From 1 June, when the rules come into force, they will be expected to follow “information security protocols”, including “emergency response” measures such as increased vetting following disasters, according to the state news agency Xinhua.
[…] In a statement published online, the Cyberspace Administration of China (CAC) said the new rules would “strengthen management of information” and “promote the healthy and orderly development of internet news, in accordance to law”.
[…] Organisations that do not have a licence will not be allowed to post news or commentary about the government, economy, military, foreign affairs, or “other areas of public interest”.
Editorial and business operations must be kept separate.
Only publicly funded organisations will be able to carry out their own reporting. [Source]
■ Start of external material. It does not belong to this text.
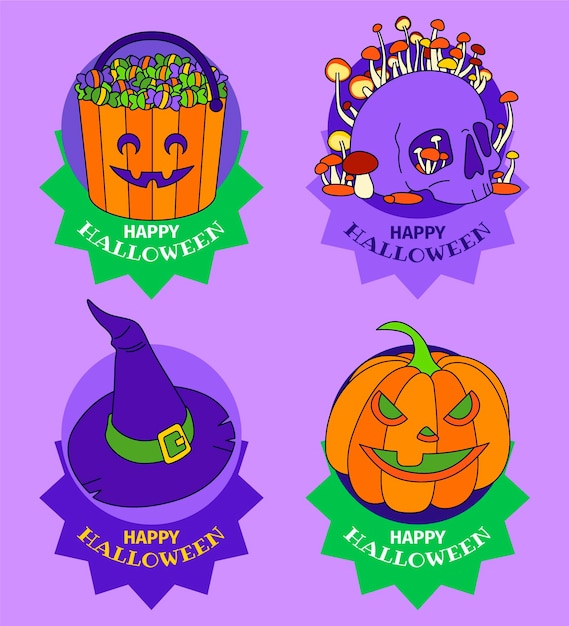 Hand drawn flat halloween labels collection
State media’s coverage of the online news regulations note that they will make the Cyberspace Administration of China (CAC) “the new regulator of online news service, replacing the State Council Information Office.” Founded in 2014, the CAC is directly led by President Xi Jinping, and has been described as “an important pillar of China’s IT-backed authoritarianism.” China Media Project’s David Bandurski notes that the rules on online news were one of three seperate regulations unveiled by the CAC yesterday, all set to take effect in June alongside the recently passed and highly controversial Cybersecurity Law. Bandurski highlights how these new regulations, and the continuing consolidation of control over China’s internet under the CAC, represent the maturation of Xi Jinping’s greater vision for information control in the digital age:
These regulations, which will formally take effect on June 1 along with the Cybersecurity Law, mark the maturation of President Xi Jinping’s grand plan for information under the Chinese Communist Party in the 21st century. That vision centers on 1) cybersecurity as integral to national security, and grasps cybersecurity through the lens of regime stability and the core need for information controls at home and abroad, and 2) informatization, or xinxihua (信息化), the idea of internet and digital development as the new, perhaps even now primary, source of production, replacing industrialization at the heart of the national economy.
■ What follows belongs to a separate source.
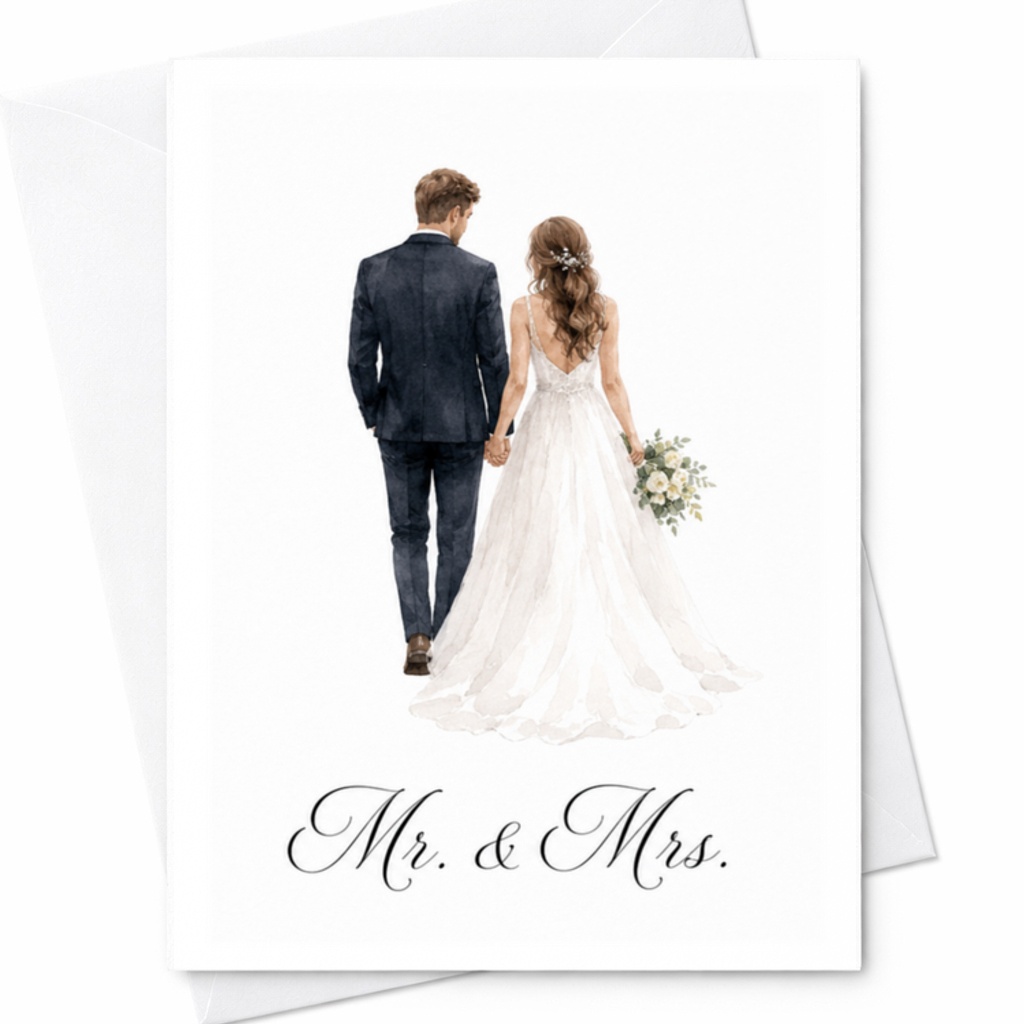 Mr. & Mrs. Elegant Wedding Card Newlyweds Celebration Romantic Greeting Card Perfect For Bride And Groom Special Day C3112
Xi Jinping fleshed out this vision when he addressed the very first meeting of his Office of the Central Leading Group for Cyberspace Affairs (中央网络安全和信息化领导小组) in February 2014, speaking about the need to fashion China as an “internet power” (网络强国). In that address, Xi said: “Without cybersecurity, there is no national security; without informatization, there is no modernization” (没有网络安全就没有国家安全，没有信息化就没有现代化).
[…] Xi Jinping has progressively pulled the internet front and center, and the creation of the Central Leading Group for Cyberspace Affairs, the body that subsumes the CAC, and of which Xi is head, is an institutional reflection of this dramatic change. Since the formation of the Leading Group and the CAC, Xi Jinping has stressed the need for these newly centralized controls on the internet to be further legitimized through laws and regulations. China must, he says, “govern the online space in accord with the law” (依法治理网络空间).
[…] Xi Jinping’s cyber regime is still in formation. But we can be sure that as the news in China increasingly goes digital, and as television goes mobile, the CAC’s power will grow. Its web of controls, almost assured to be one of Xi Jinping’s most enduring legacies, will overlay China’s 21st century web of communications. [Source]
As the CAC shores up domestic authority over content within the Great Firewall, authorities have also taken steady measures to limit access to the global internet by making the use of virtual private networks (VPN) services increasingly difficult.